O narrador e amigo interessa-se profundamente pela história da família de Dupin. Surpreendera-se pela vasta extensão das suas leituras e, acima de tudo, sentira-se inflamado pelo intenso ardor e extrema vivacidade, imaginação e extraordinária aptidão analítica, que exercia com delícia.
Ligava-os essa rara paixão pela leitura; o estranho prazer pela escuridão: de dia fechavam as janelas da casa, e à débil luz de duas velas perfumadas, liam e conversavam; de noite saíam e, de braço dão, passeavam pelas ruas da cidade — Rua C, passagem Lamartine, Bairro Saint-Roche, margens do Sena, etc.
Convenhamos que o poder de observação e aptidão analítica de Monsieur Dupin, de que dera provas mais de uma vez, podiam constituir o prólogo de um manual sobre a matéria. Mas, sendo ele um excelente auxiliar da polícia, não tem uma opinião muito favorável à actuação desta. Critica: “a polícia Parisiense, tão abonada pela sua viveza, é astuciosa mas falta-lhe método, exageram e espremem-se o mais que podem, em velhas rotinas mas quando se sentem impotentes para resolver os mistérios que têm ante os olhos, pedem a sua colaboração”. E dá o exemplo com Vidocq: um homem de excelentes conjecturas e perseverante, mas errava constantemente por excessivo ardor, tirava conclusões de factos dispersos sem atender ao conjunto.

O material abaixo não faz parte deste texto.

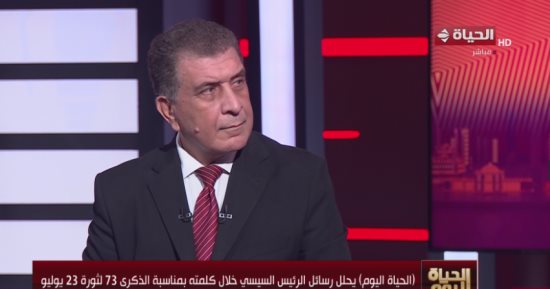 محلل سياسى: وجه التشابه بين ثورتى 23 يوليو و30 يونيو يكاد يكون متطابقا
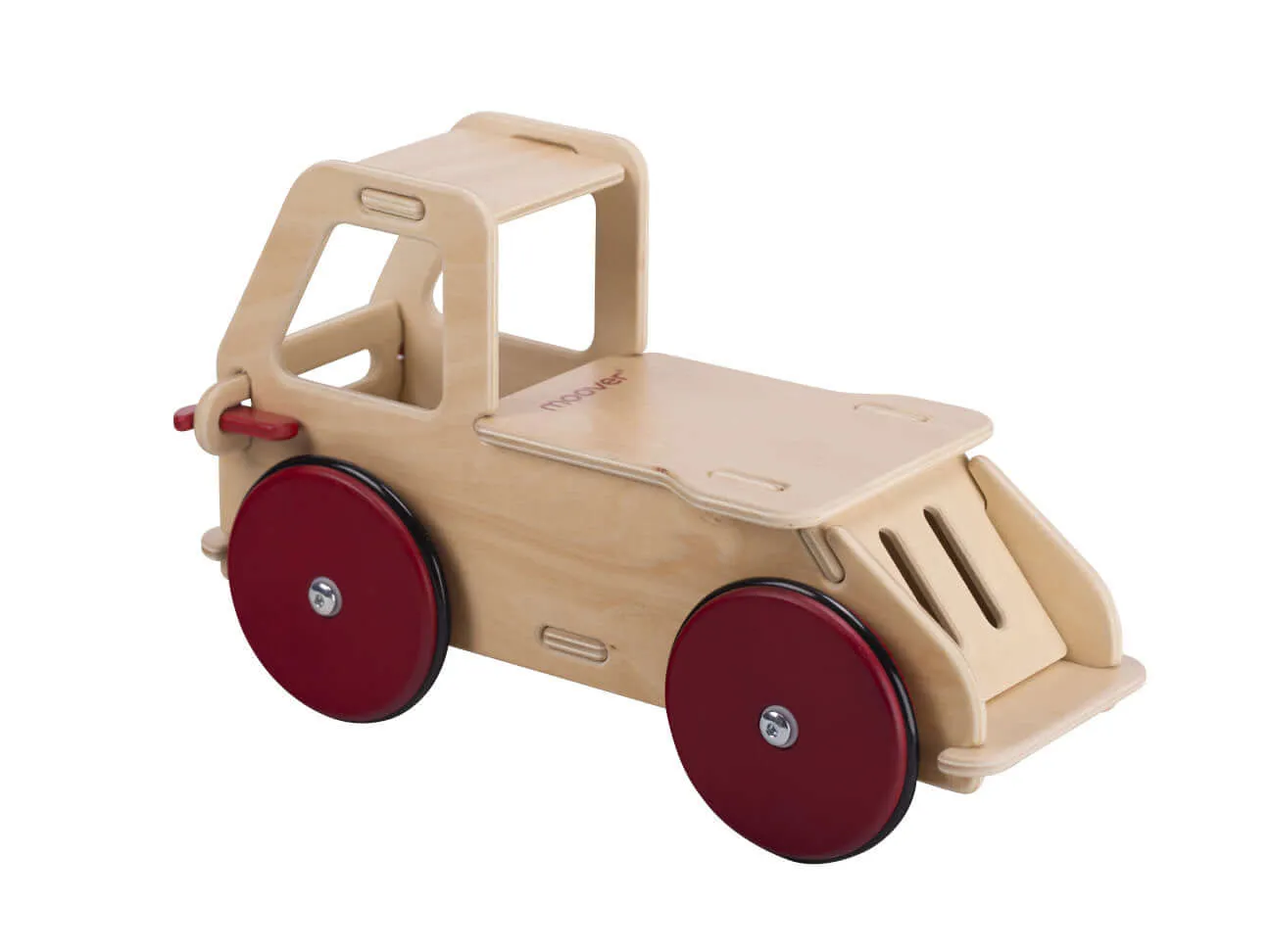 Baby Ride-On and Play Truck Natural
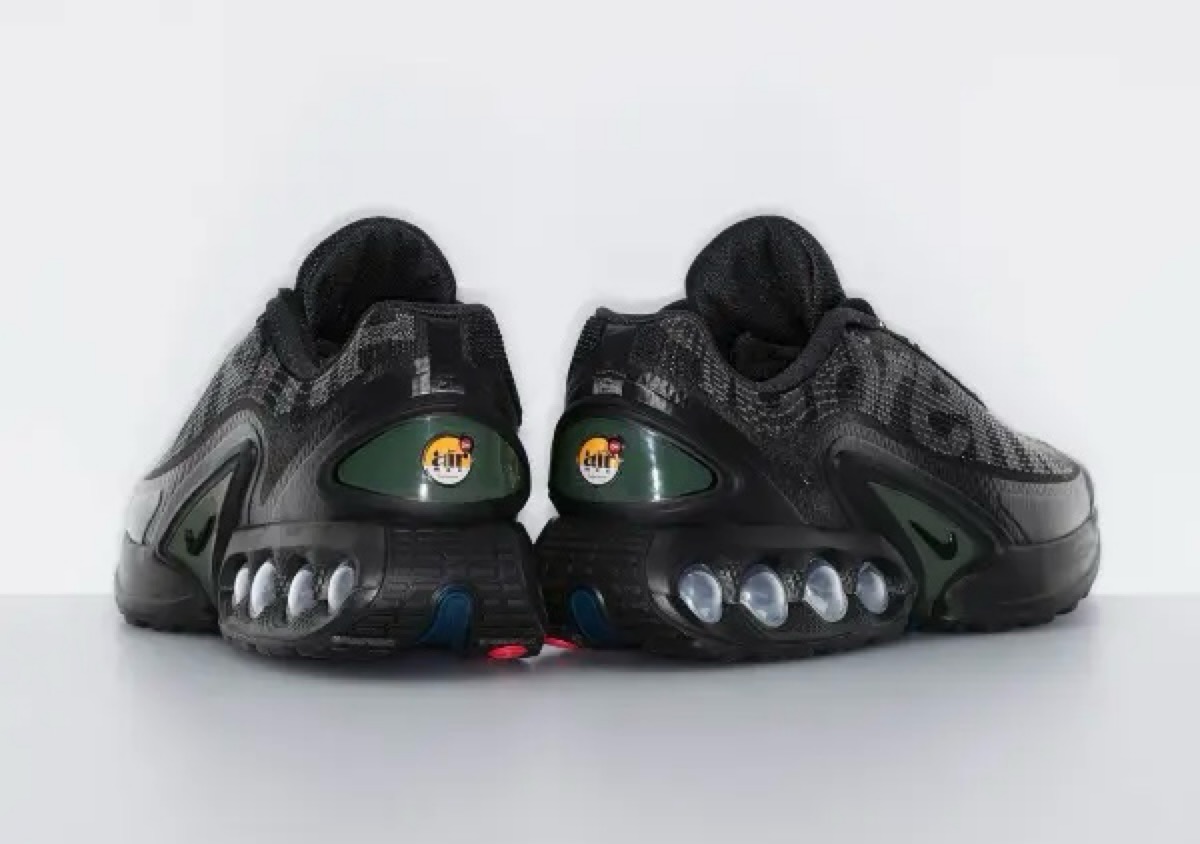 Supreme × Nike Air Max Dn “Black”が24SS Week2 国内2月24日に発売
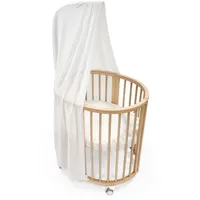 Stokke Sleepi Himmel V3, White - Schaffe eine gemütliche,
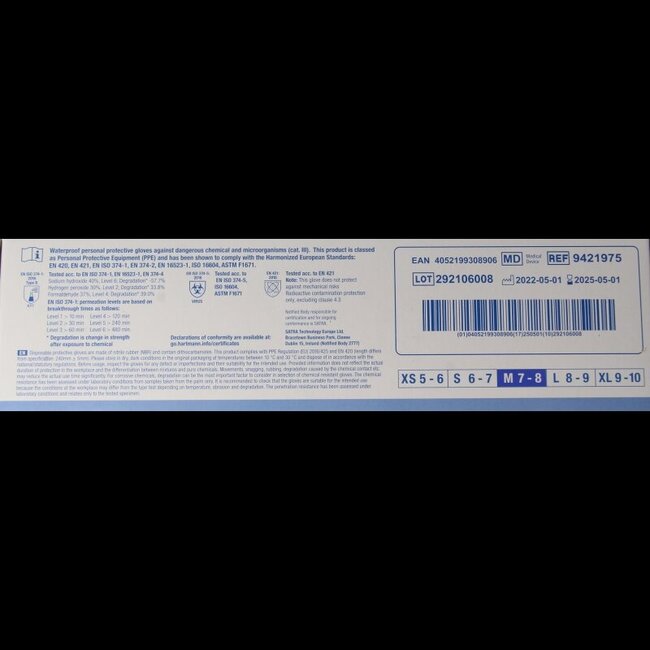 Hartmann Peha soft nitril fino handschoen maat M 150 Stuks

Dupin, pelo contrário, não dá nunca um facto por certo, a índole do objecto em exame faz parte da pesquisa do conjunto, dado que há que demonstrar que as “aparentes” impossibilidades cruciais, são possíveis ou não. Ao pôr em prática os seus principias, Dupin pode resolver o crime enquanto a polícia não obtém nenhum resultado. A metodologia e filosofia no processo criminal, seguido por Dupin, (posteriormente, pela ficção e próprios profissionais, não negamos) abrange:
a) Inteligibilidade dos actos, factos e materiais observados;
b) Semiótica não só nos sinais visuais, mas nos aparentes e sensoriais;
c) Inferências ou ilações resultantes das operações dedutivas e indutivas (raciocínio directo e indirecto);
d) Leitura das expressões e dos gestos;
e) Operacionalidade profunda do analista nas questões que excedem os limites das meras regras, e, por último… Intuição!

Num estudo de Daniel Hoffman, um imaginativo mas sério crítico de Poe resume:
A mente de Dupin opera mediante associações. O seu método é refinado, um mecanismo mais suprassensível que os processos habituais de cálculo racional. Começa pelo irracional, posto que não escravo das suas próprias premissas, para atingir o racional.
Esse método parece similar ao que os analistas dos nossos dias chamam de “mente consciente” Dupin pode recorrer e entregar-se a TODAS AS CLASSES ASSOCIATIVAS DE PENSAMENTO PRÉ-CONSCIENTE, essa rede milagrosa de hipóteses, enquanto nós recorremos ao pensamento puramente consciente e racional. Por isso Dupin é muito mais sofisticado que a maioria das pessoas, na resolução de questões intrincadas, precisamente porque está mais próximo das origens do nosso ser; a sua mente ao operar mediante analogias metafóricas, combina intuição poética com exactidão matemática. E basta.